+++ Records shown

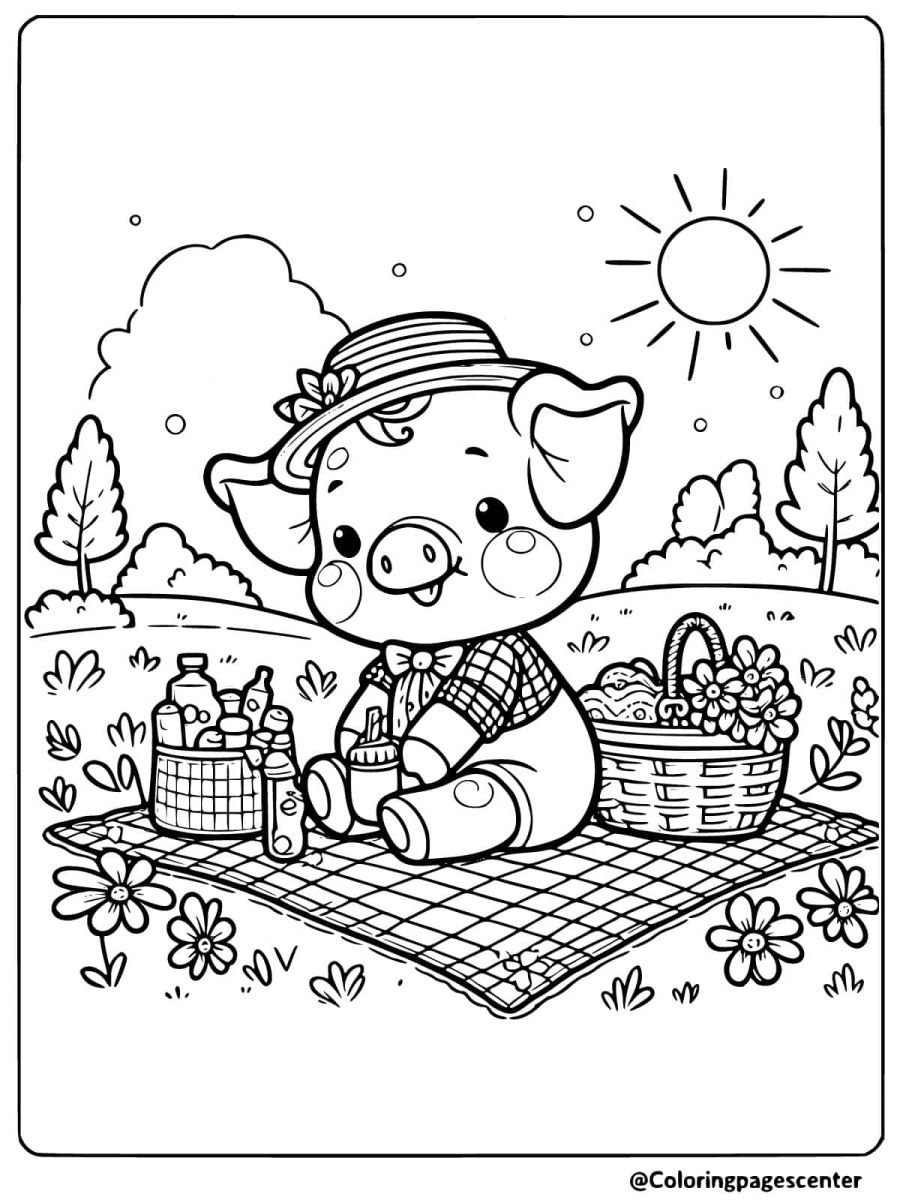 A pig enjoying a picnic in the sun coloring page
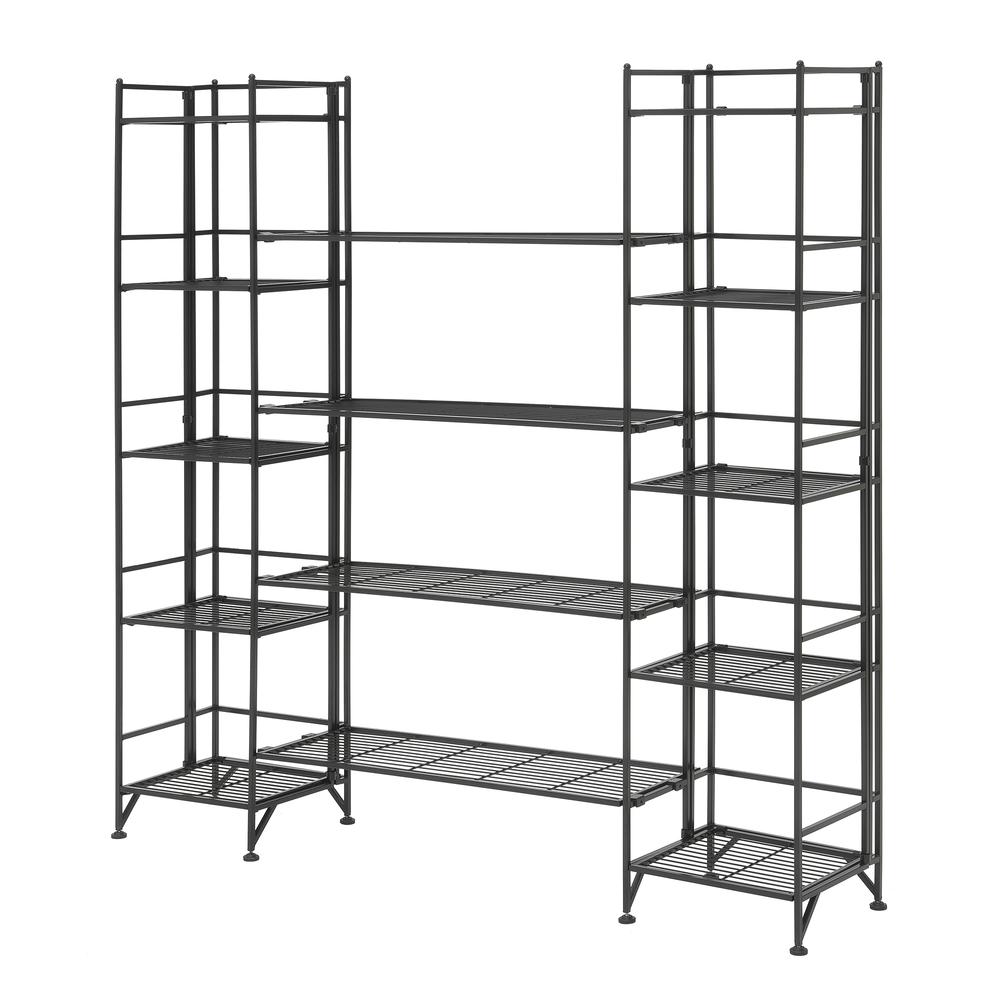 Xtra Storage 5 Tier Folding Metal Shelves with Set of 4 Deluxe Extension Shelves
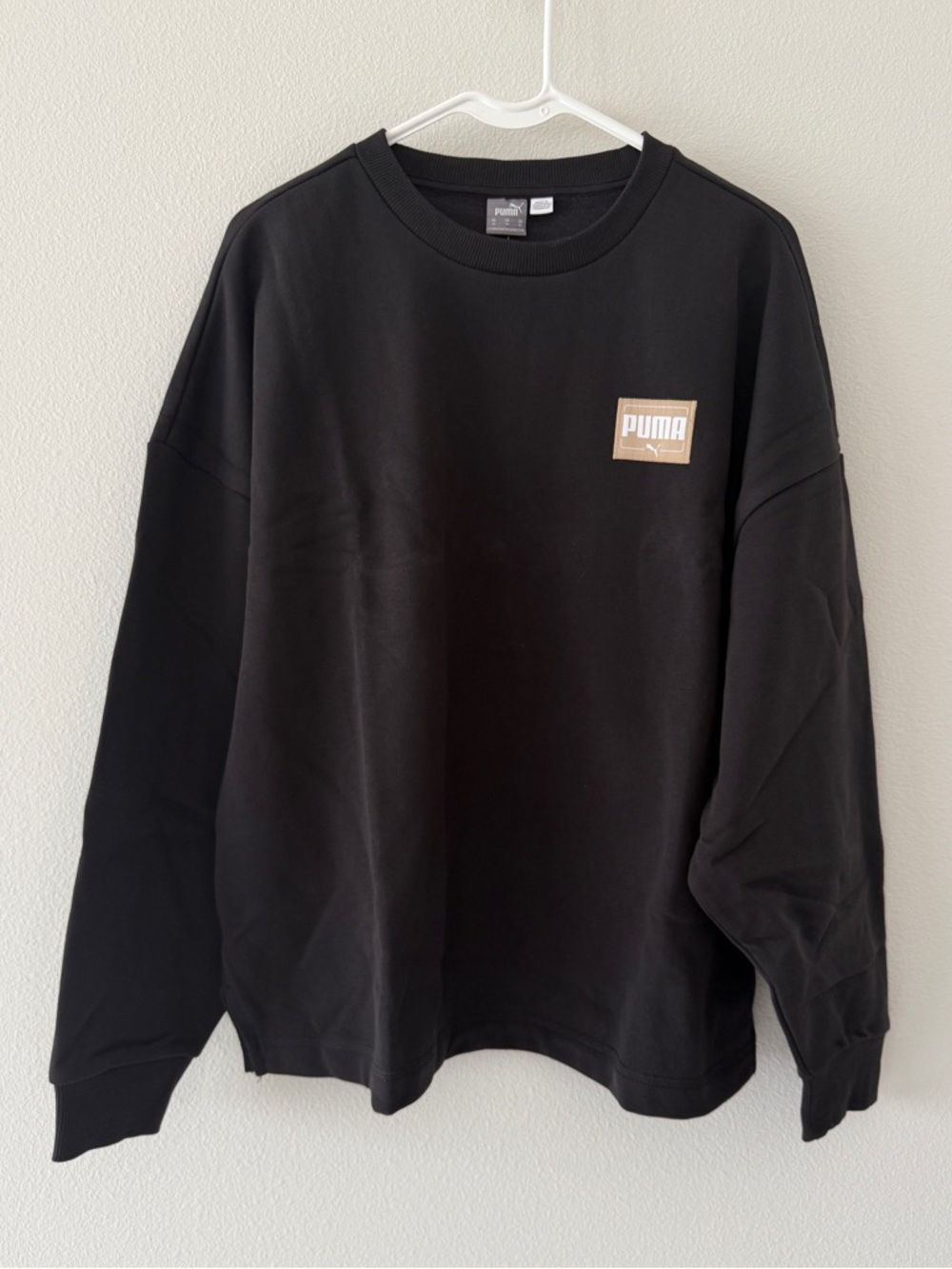 Puma Black Crew Neck Pullover Sweatshirt Women’s XL midweight cotton poly blend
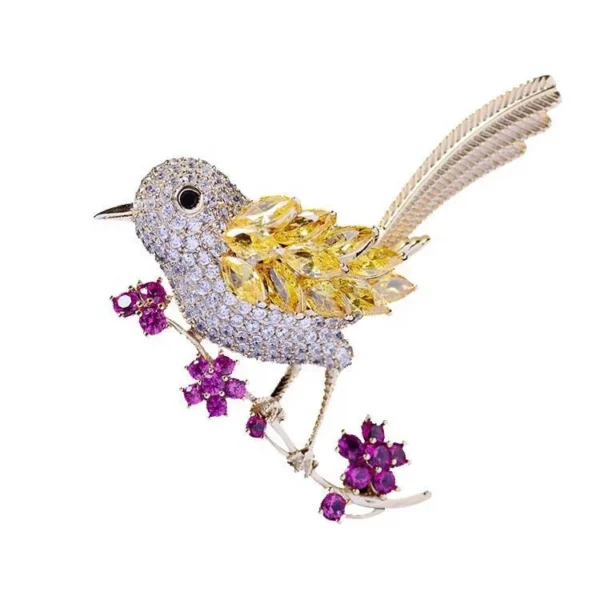 ⁦2024 New Design Latest Wholesale Fashion Bird Copper Inlaid Zircon Designer Brooches and Pins for Gift⁩ - الصورة ⁦5⁩
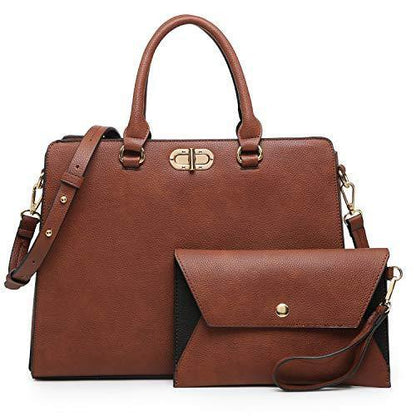 Twist Lock Handbag with Matching Wristlet - Dasein Bags
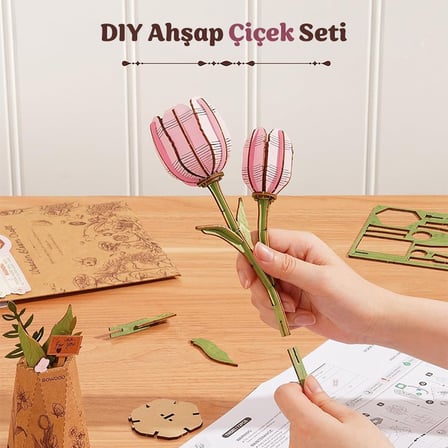 Rowood TW082 Pembe Lale Çiçek (Pink Tulip) DIY Minyatür Maket Model Ahşap 3D Wooden Puzzle Model Kit Ahşap Maket Dekoratif Hobi Seti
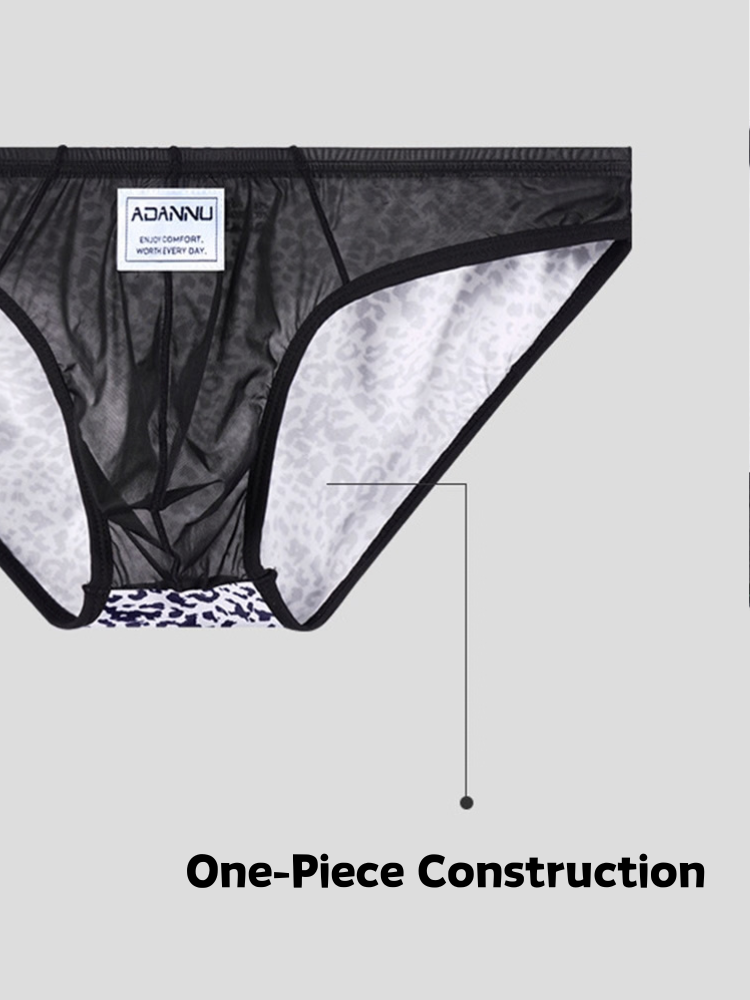 ORLVS Men's 2-Pack Leopard Print Briefs with Sheer Mesh Panel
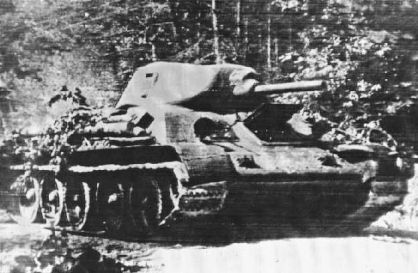 photo WWII armor T-34 in a wood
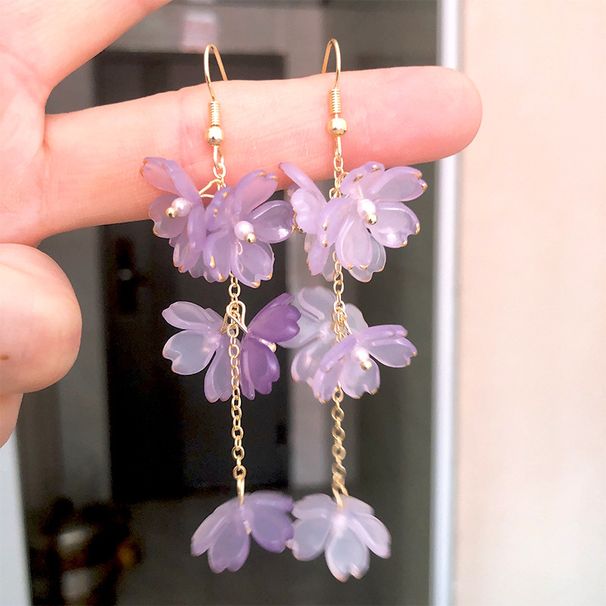 Women’s Jewelry Set Fashion Super Fairy White Flower Earrings For Women Long Tassel Temperament Net Red Ear Hook New Trend Earrings_ipsvogv.com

++++++

Exercise prompt —
Exactly as written, give every entry again, but not the pictures.

The answer —
 A pig enjoying a picnic in the sun coloring page
 Xtra Storage 5 Tier Folding Metal Shelves with Set of 4 Deluxe Extension Shelves
 Puma Black Crew Neck Pullover Sweatshirt Women’s XL midweight cotton poly blend
 ⁦2024 New Design Latest Wholesale Fashion Bird Copper Inlaid Zircon Designer Brooches and Pins for Gift⁩ - الصورة ⁦5⁩
 Twist Lock Handbag with Matching Wristlet - Dasein Bags
 Rowood TW082 Pembe Lale Çiçek (Pink Tulip) DIY Minyatür Maket Model Ahşap 3D Wooden Puzzle Model Kit Ahşap Maket Dekoratif Hobi Seti
 ORLVS Men's 2-Pack Leopard Print Briefs with Sheer Mesh Panel
 photo WWII armor T-34 in a wood
 Women’s Jewelry Set Fashion Super Fairy White Flower Earrings For Women Long Tassel Temperament Net Red Ear Hook New Trend Earrings_ipsvogv.com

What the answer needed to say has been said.